Well I usually consider myself bleeding edge on some things, like HDTVs, I'm on my 2nd looking for my 3rd.
However, in this case I think it's less bleeding edge, than the companies including M$ and Intel introducing standards no one knowsare necessary. If we knew about this (I knew about HDCP but not that it was going to be necessary for Blu ray period (what about laptops with direct connections to LCDs most of throse are going to be through non HDCP connections too I'd think, despite the ease of facilitating such a connection.
I also think alot of people expected M$ to drop this the way they did previous intrusive methods M$ secur-check and unique Intel Processor ID (which is still there just no implemented much).
*warning*
[rant]But once again the jerks in big studios won out. Because they still want to charge you $50 for a copy of The Great Escape or Groundhog Day without any additional features, despite having recouped all the production costs, etc. long ago. If they made DVDs and CDs cheap like the technology was supposed to promise, people'd buy them. And they took so long to launch DVD-A and SACD or even PCgames on DVD, that by the time they got their act together to make 'normal profits' off of the advancements, the burner/media technology caught up to them. They spend so much time worrying about the copy protection, that they release the technology in quantity long after the average public can make piracy cheap enough. You show me a single effective anti-piracy measure, and I'll show you something that the crackers haven't even bothered with yet. The studios just don't understand that people want reasonable prices, not unreasonable restrictions so they can continue to fund payola and mansions and jets, etc. The artists don't see a fraction of that money it's used to prop up the industry itself. The artists would make ore money giving away their music and charging for concerts/shirts, etc. than any other model they could come up with, and for hollywood, they would make more money if they made it more affordable, sure some people will never buy DVDs, but most would rather a store bought one for $7.99-9.99 than renting and burning a copy. They don't seem to realise measures like this just tick people off and hurt their overall market.
[/rant]
The other thing that disturbed me was the down scaling in resolution for high def content that doesn't support HDCP. I knew it would be downscaled but I believe it says by 75%? So does that mean a 1080 signal will be down to 270? I mean common, that's not even DVD quality!
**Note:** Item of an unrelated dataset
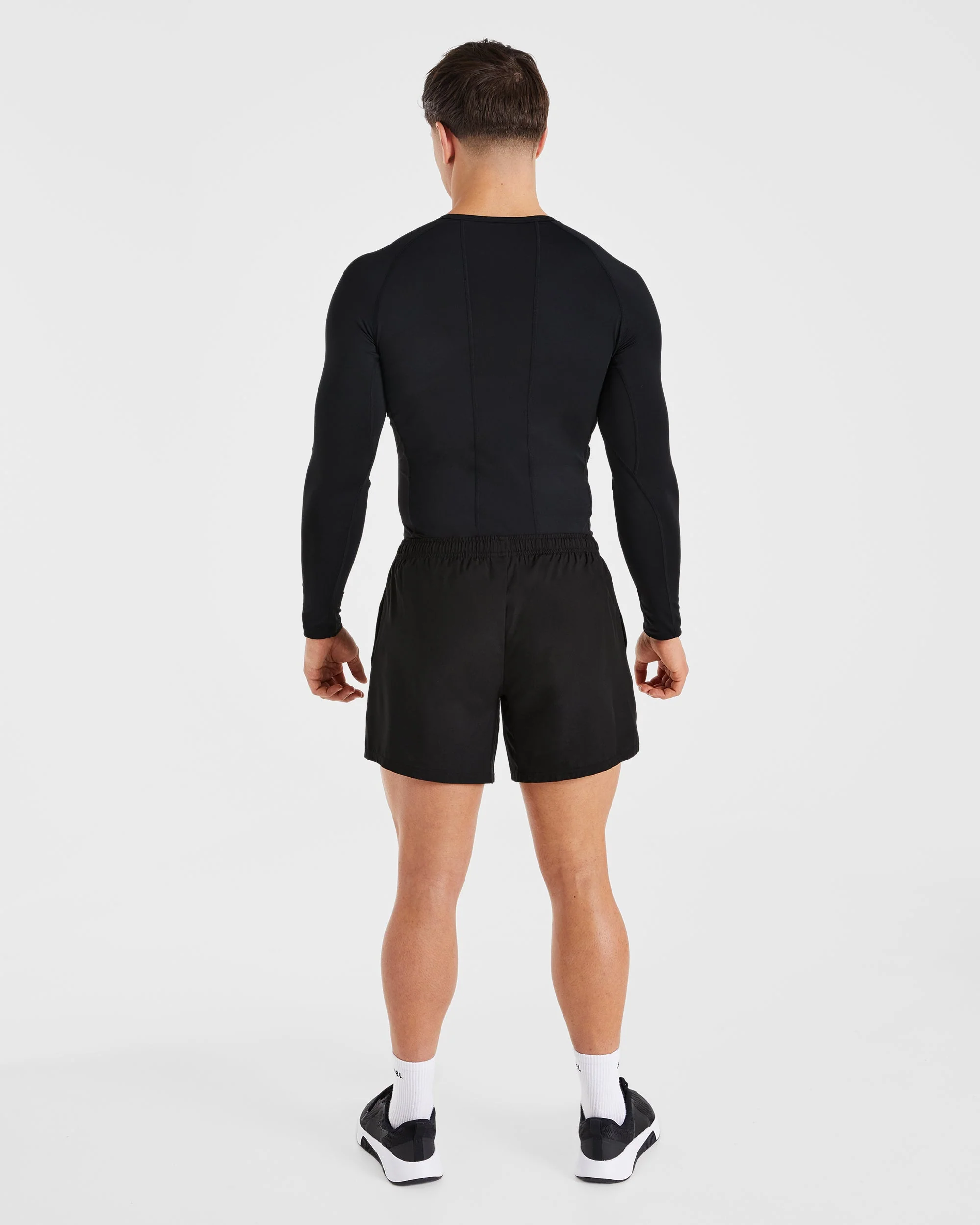 Compression Long Sleeve T Shirt - Black - Image 6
Actually the 75% is the global reduction, so thing half-height and half-width, and not surprisingly enough that comes close (960x540) to matching the 640x480/720x540 type of resolution, and that makes sense. Without HDCP you will only get the current DVD style resoulution not the 1920x1080i/p or 1280x720p that would be offered by HD disks.
So indeed any 1080p content downconverted to SDTV/EDTV would be LESS than 20% the overall picture information of the original.